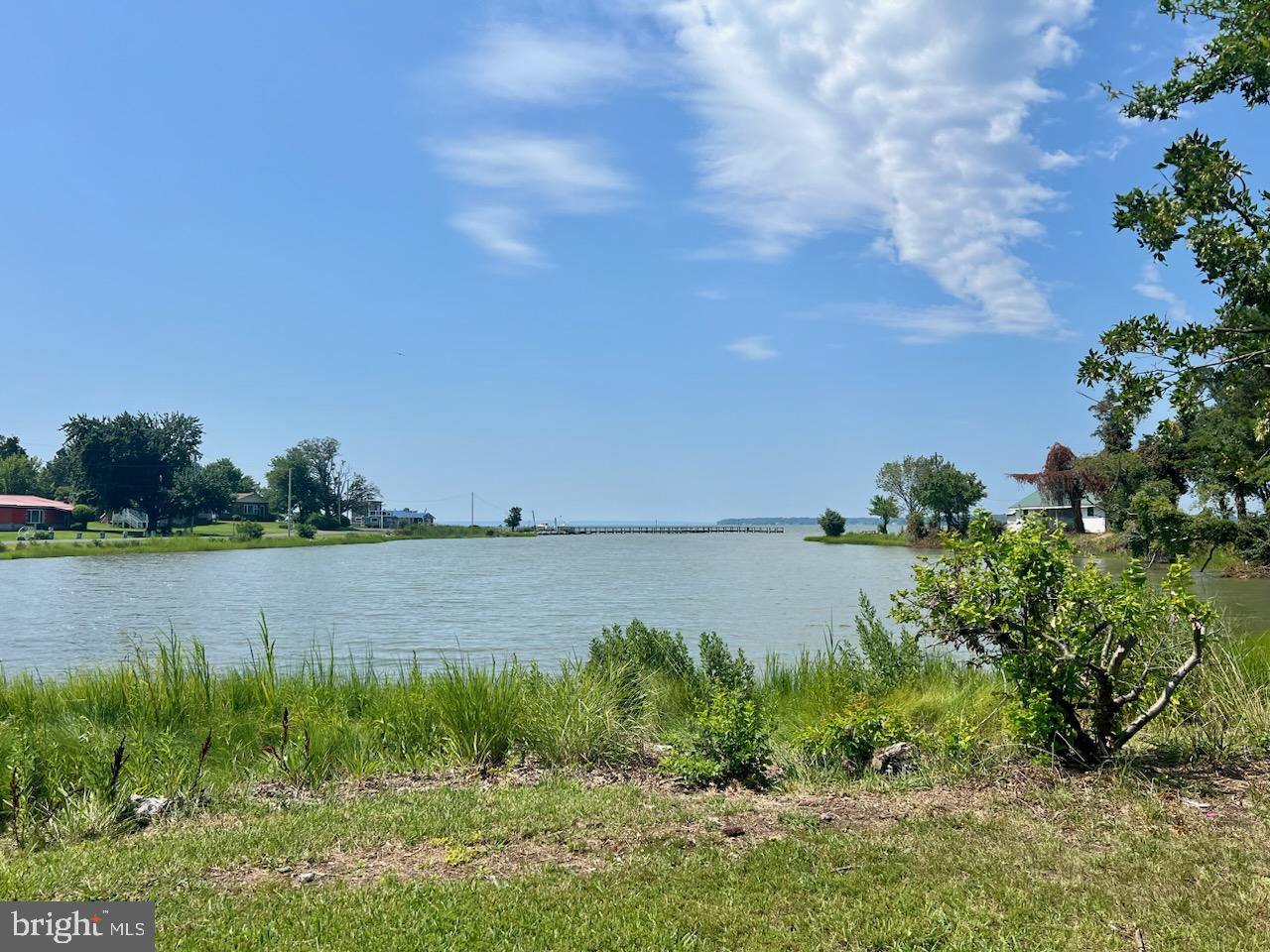 LONGVIEW BEACH CLUB - Residential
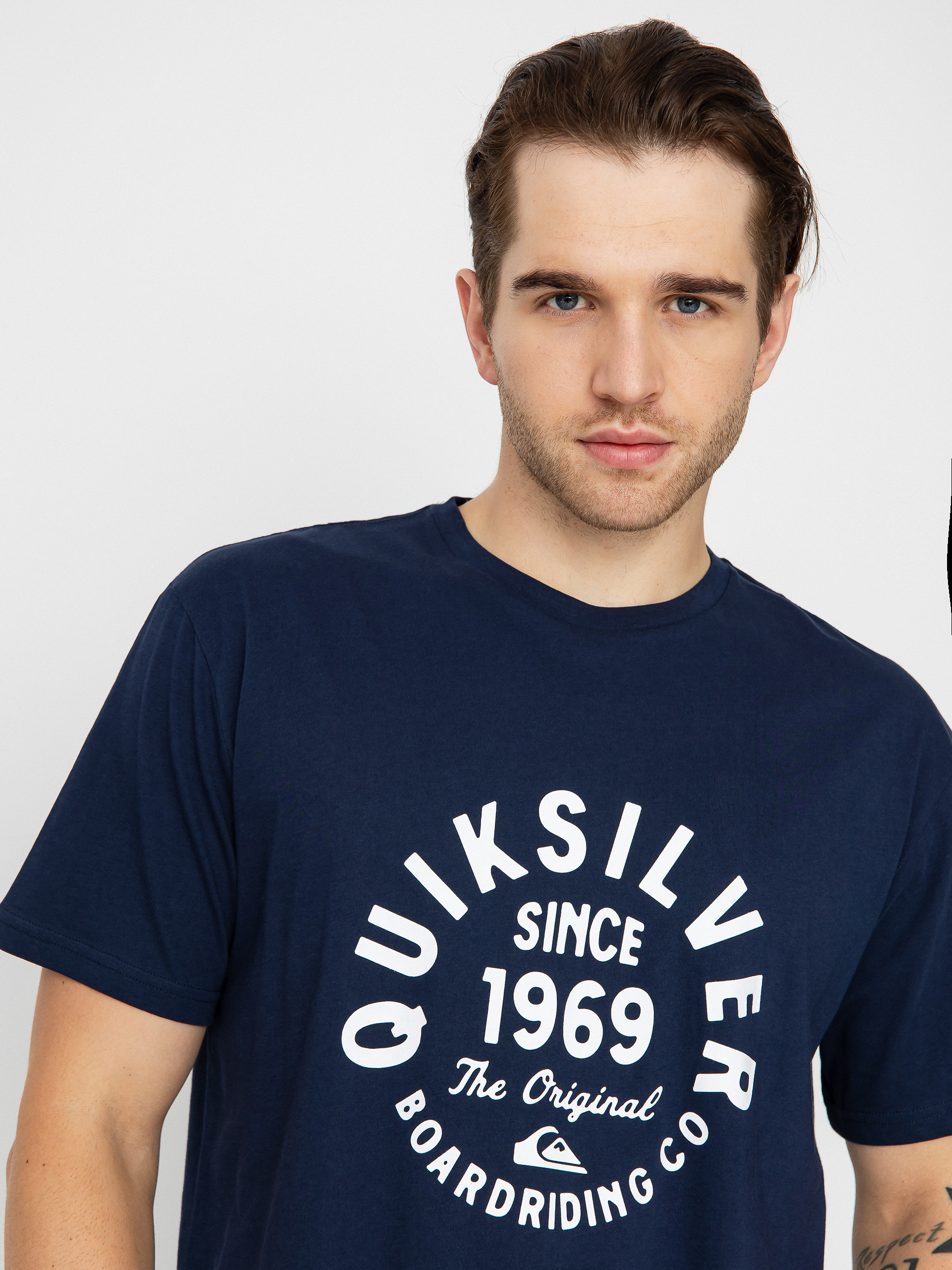 Quiksilver Circled Script Front T-shirt (navy blazer)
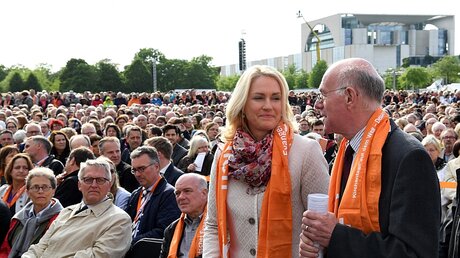 Bundesfamilienministerin Schwesig mit Bundestagspräsident Lammert auf dem Kirchentag / © Soeren Stache (dpa)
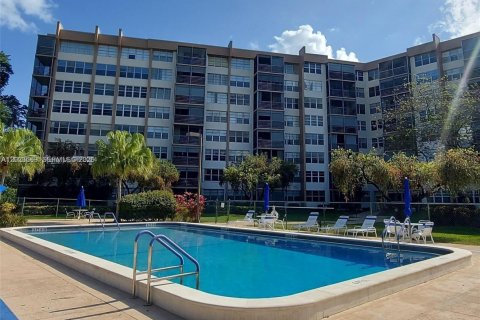 Copropriété à louer à Pembroke Pines, Floride: 2 chambres, 99.41 m2 № 2077359 - photo 21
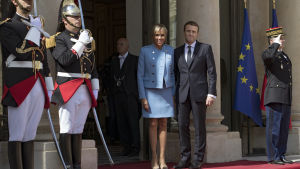 Emmanuel Macron och hans hustru Brigitte Trogneux på trappan till presidentpalatset. Emmanuel Macron och hans hustru Brigitte Trogneux på trappan till presidentpalatset.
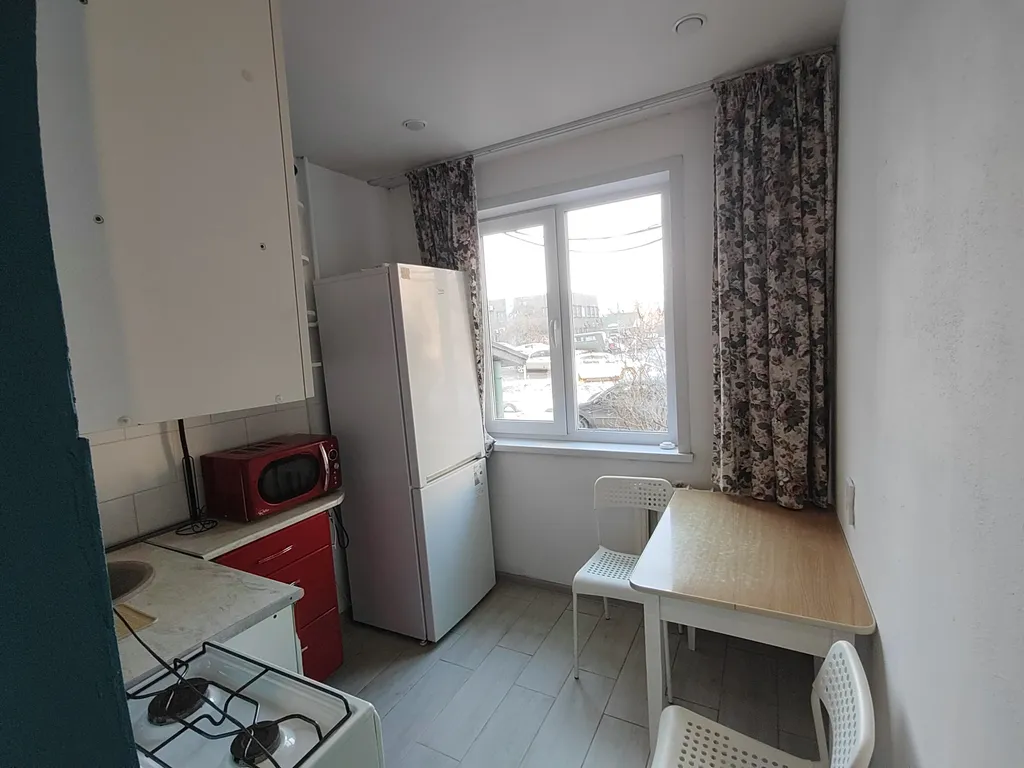 Квартира в 5 минутах езды до ТЦ Галактика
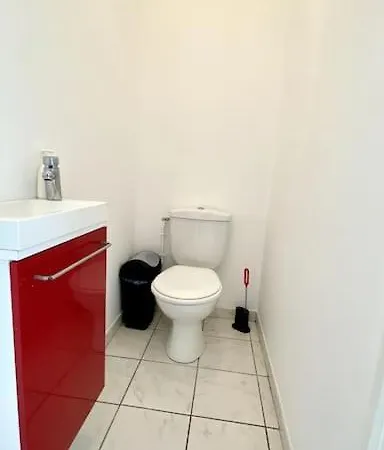 Maison Pour 6 Personnes Avec Garage Et Jardin لو كْروتْوَ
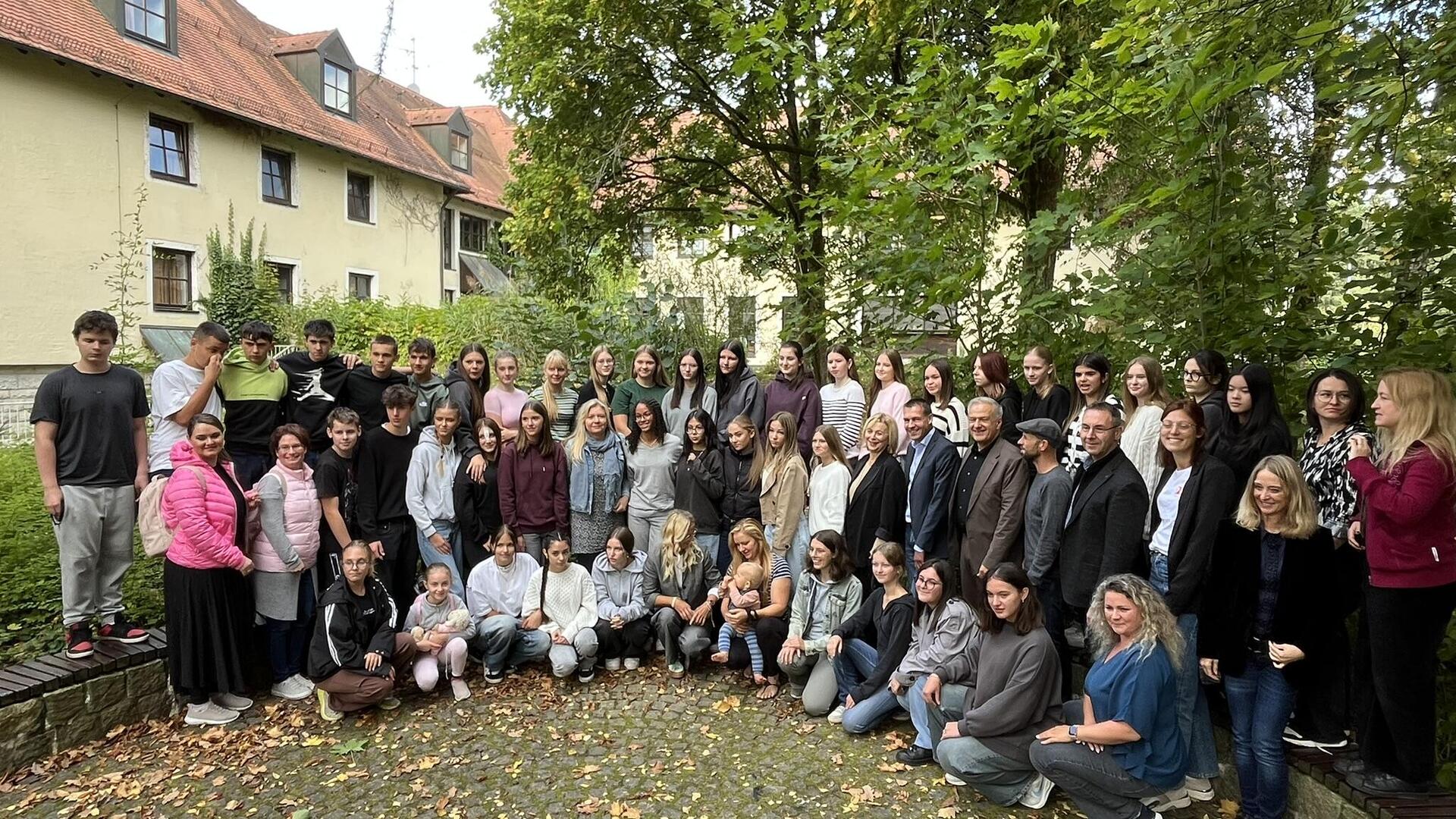 Gemeinsames Gruppenfoto mit den Schülern, den Teamern und den Gästen bei "First Class Mates"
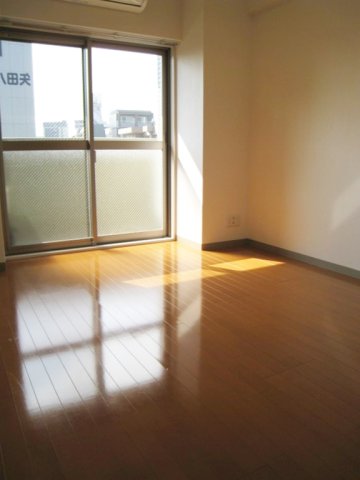 居室・リビング　使いやすい形の為、レイアウトを楽しめます♪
________________________
The answer must be the data above, repeated exactly, with no pictures.

▶ **Answer for this exercise**
 LONGVIEW BEACH CLUB - Residential
 Quiksilver Circled Script Front T-shirt (navy blazer)
 Bundesfamilienministerin Schwesig mit Bundestagspräsident Lammert auf dem Kirchentag / © Soeren Stache (dpa)
 Copropriété à louer à Pembroke Pines, Floride: 2 chambres, 99.41 m2 № 2077359 - photo 21
 Emmanuel Macron och hans hustru Brigitte Trogneux på trappan till presidentpalatset. Emmanuel Macron och hans hustru Brigitte Trogneux på trappan till presidentpalatset.
 Квартира в 5 минутах езды до ТЦ Галактика
 Maison Pour 6 Personnes Avec Garage Et Jardin لو كْروتْوَ
 Gemeinsames Gruppenfoto mit den Schülern, den Teamern und den Gästen bei "First Class Mates"
 居室・リビング　使いやすい形の為、レイアウトを楽しめます♪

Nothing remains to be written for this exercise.